Asertywność – bycie ofiarą, a umiejętność bronienia się.

Bardzo ważną cechą jest umiejętność bronienia się.
Potrzebujesz wyjść do ubikacji w pracy?

Potrzebujesz coś zjeść, napić się wody na wykładzie/w pracy, będąc gdziekolwiek, robiąc cokolwiek.
Wiedz, że tak długo jak żyjesz na planecie Ziemia masz prawo zaspokajać swoje fizjologiczne potrzeby – Przełam schemat niewolnictwa.

Duszno Ci, chcesz otworzyć okno, ale Twoi współlokatorzy mają przekonania, że „ich przewieje”. Otwórz to okno masz do tego prawo!
Chciałbyś dziewczynie wyznać miłość, ale boisz się odrzucenia?
No dobrze tutaj może jest trudniej, ale cholera jasna zdaj sobie sprawe, że do wszystkiego masz prawo, jeśli odczuwasz uczucia masz prawo je przejawiać, jeśli czujesz się dobrze możesz to pokazywać, nawet jeśli ludzie dookoła cierpią, może właśnie taki ruch spowoduje, że oni zapragną zmiany, a Ty będziesz mógł być sobą i nie pielęgnować biedy ich dogmatu, porzuć to nie Twoje, nie poddawaj się bez próby, masz prawo do swoich uczuć, jako człowiek masz prawo do emocjonalności, do łez, do przykrości, do wzruszeń do radości – bez względu na to czy komuś jest przykro czy nie.

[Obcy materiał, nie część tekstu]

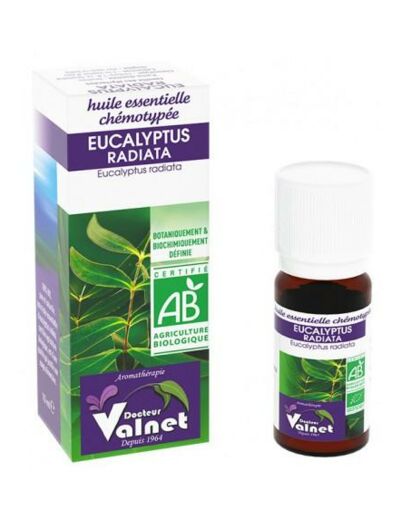 Eucalyptus Radiata ou Radie bio-10ml-Dr.Valnet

TO TWOJE ŻYCIE.

Ktoś Cię wyzywa, krzyczy na Ciebie, szturcha, poniża, zastrasza. Jeśli przejdziesz obojętnie, może uda Ci się uniknąć kolejnego konfliktu, a może pozwoli Ci to wyzwolić się z konfliktów na dobre. Jeśli przestajemy reagować na zaczepki, agresor traci zainteresowanie, nie ma czego się czepić, a jeśli jesteś w środku czysty i oczyścisz się z tego co przyciąga takie sytuacje poprzez neutralność to w przyszłości taki człowiek nawet do Ciebie nie podejdzie.

Natomiast, gdybyś podniósł alarm i odbił piłeczkę, może i byś dostał po ryju, może i byś zrobił mu krzywdę – ale przede wszystkim zawalczyłbyś o własną wartość o własną godność – Tylko po co, to oznacza zmagania i kolejne walki i udowadnianie, dużo lepiej jest zachować neutralność i nie walczyć, przecież doskonale wiesz jaką masz wartość i tylko ten kto w swoją wartość wątpi musi o nią walczyć i zabiegać u innych.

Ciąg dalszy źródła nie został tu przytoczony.